State v. Phinney

122 P.3d 356, 280 Kan. 394, 2005 Kan. LEXIS 773
CourtSupreme Court of Kansas
DecidedNovember 10, 2005
Docket90,639, 91,068
StatusPublished
Cited by46 cases

This text of 122 P.3d 356 (State v. Phinney) is published on Counsel Stack Legal Research, covering Supreme Court of Kansas primary law. Counsel Stack provides free access to over 12 million legal documents including statutes, case law, regulations, and constitutions.

Bluebook
State v. Phinney, 122 P.3d 356, 280 Kan. 394, 2005 Kan. LEXIS 773 (kan 2005).

Opinion

The opinion of the court was delivered by

Allegrucci, J.:

Defendant Justin E. Phinney pled no contest to possession of pseudoephedrine and brings both an appeal from the district court’s denial of his motion to reduce sentence and, pursuant to State v. Ortiz, 230 Kan. 733, 640 P.2d 1255 (1982), an out-of-time direct appeal of his sentence. He argues he should be resentenced under the identical offense doctrine as applied in State *396 v. Frazier, 30 Kan. App. 2d 398, 42 P.3d 188, rev. denied 274 Kan. 1115 (2002). The Court of Appeals affirmed the district court in an unpublished opinion filed July 9, 2004, and we granted Phinney s petition for review.

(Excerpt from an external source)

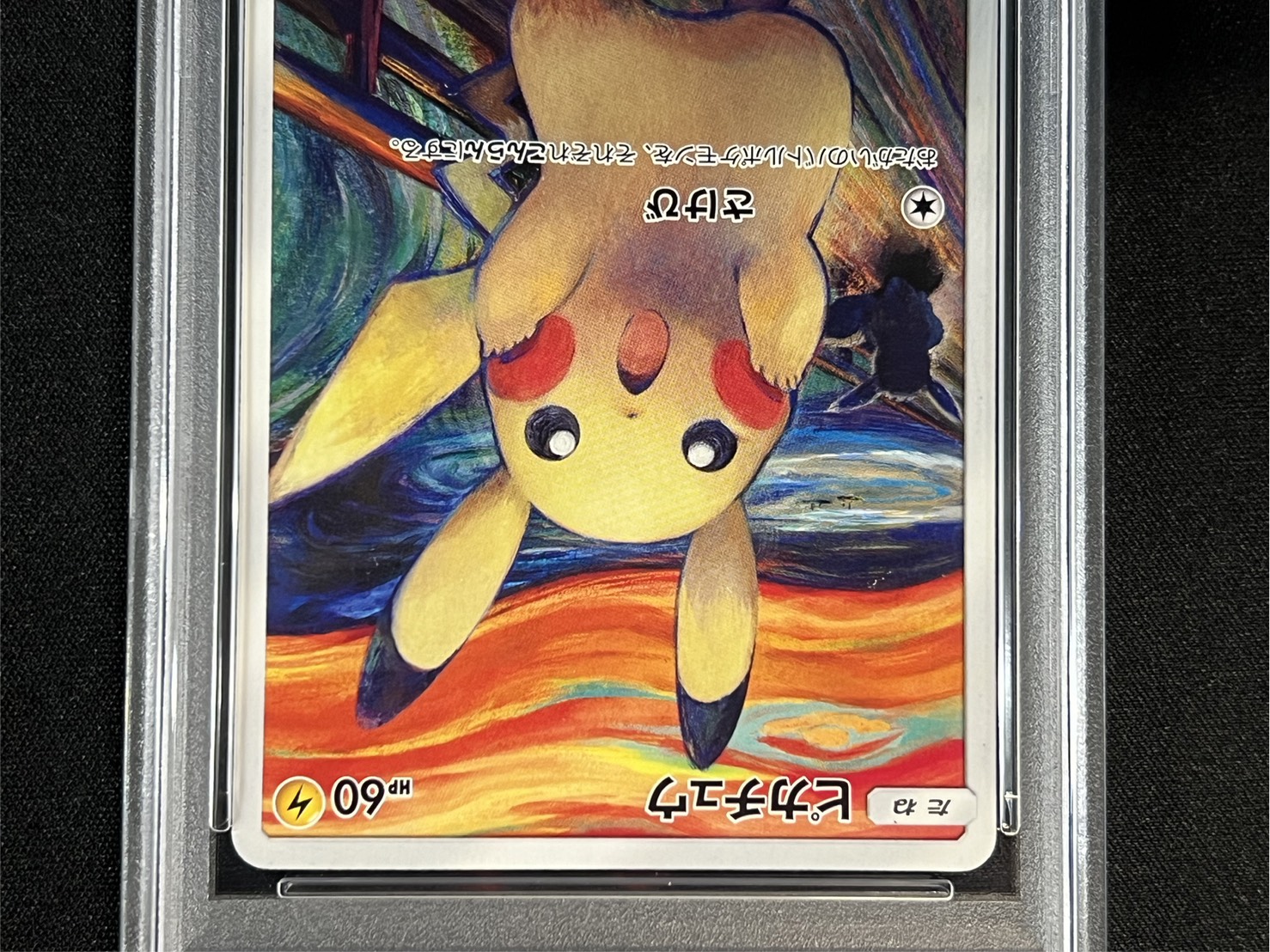 PSA8鑑定済〕ピカチュウ(ムンク)【P】{288/SM-P} 1枚の通販 カード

Phinney was charged with four drug-related violations, stemming from offenses occurring July 10, 2001. Counsel was appointed. At the preliminary hearing on December 14, 2001, the State agreed to dismiss Counts 2 through 4 and to recommend probation in exchange for Phinney s plea of no contest to the remaining count of possession or sale of ephedrine, pseudoephedrine, or phenylpropanolamine, in violation of K.S.A. 2001 Supp. 65-7006, a drug severity level 1 felony.

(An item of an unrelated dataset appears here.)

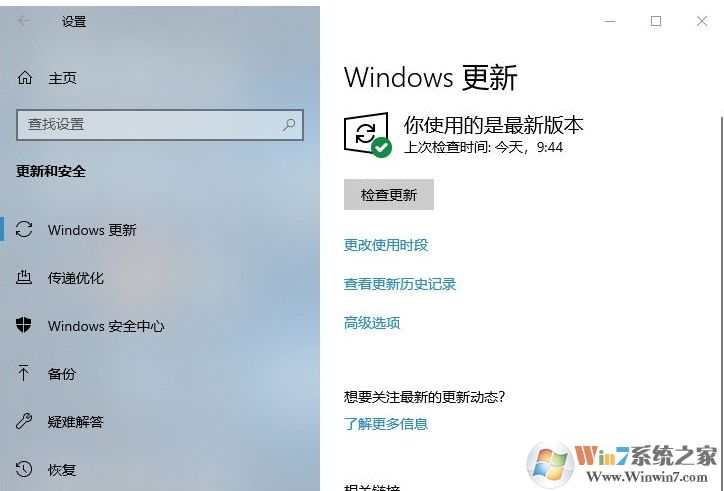 Win10怎么升級到2004版？微軟系統(tǒng)更新2004方法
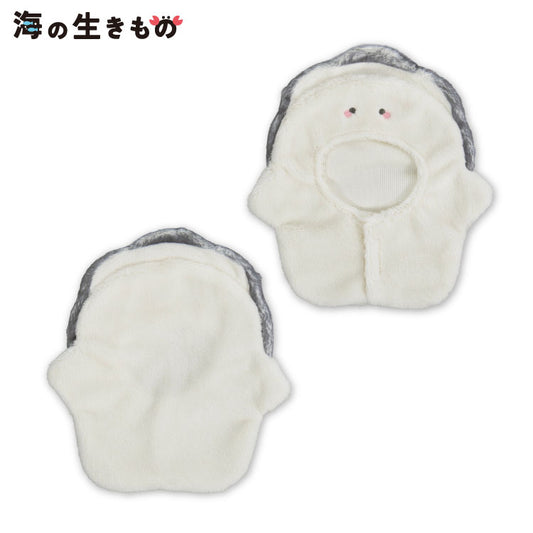 【予約商品】海の生きもの ぬいぐるみ用着ぐるみ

On February 7, 2002, Phinney received the standard 150-month prison sentence, with a dispositional departure to 36 months’ probation. Phinney did not file a notice of appeal.

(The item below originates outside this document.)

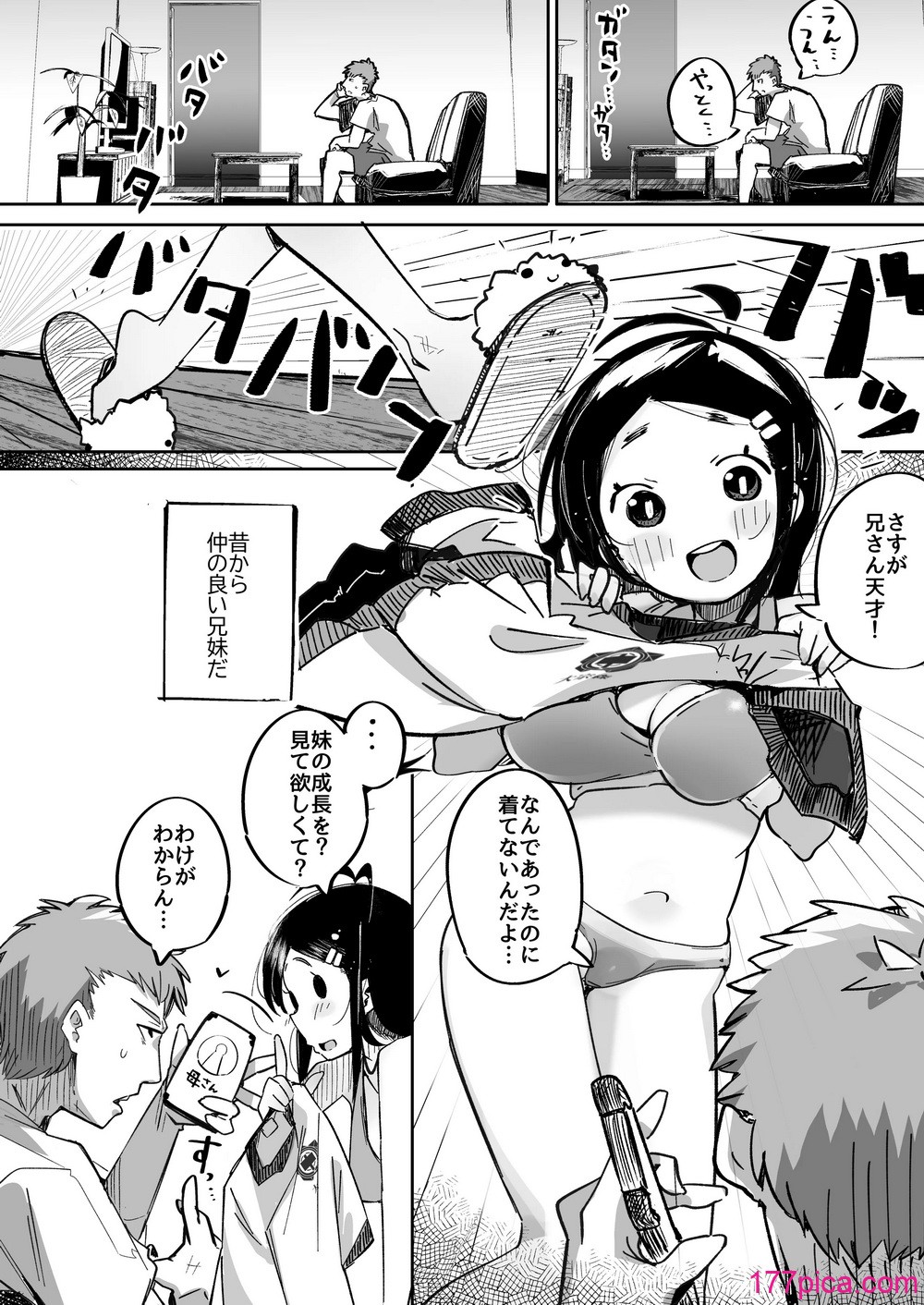 [常夏山椒魚] 僕は、妹の誘惑に耐え切れずオナホということにしてセックスをする。 (オリジナル) [DL版][51P]-第1章-图片5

On March 15, 2002, the Court of Appeals decided State v. Frazier, 30 Kan. App. 2d 398, holding that possession of pseudoephedrine, under K.S.A. 2001 Supp. 65-7006(a), and possession of drug paraphernalia, under K.S.A. 2001 Supp. 65-4152 (a)(3), are identical crimes, and a defendant convicted under 65-7006(a) may be sentenced only under the lesser penalty provision of 65-4152.

In November 2002, Phinney violated his probation; new counsel was appointed for Phinney, and probation revocation proceedings began. Phinney moved the district court to reduce his sentence from a severity level 1 felony to a severity level 4 felony based on the decision in Frazier.

On December 20, 2002, the district court denied Phinney’s motion, ruling that “[n]othing in the Frazier case . . . makes it retroactive.” The court revoked Phinney’s probation and ordered him to serve the original 150-month sentence.

On December 26, 2002, Phinney filed a notice of appeal from the district court’s denial of his motion to reduce his sentence. The appeal was not timely docketed, but in May 2003 the Court of Appeals granted Phinney’s motion to docket the appeal out of time.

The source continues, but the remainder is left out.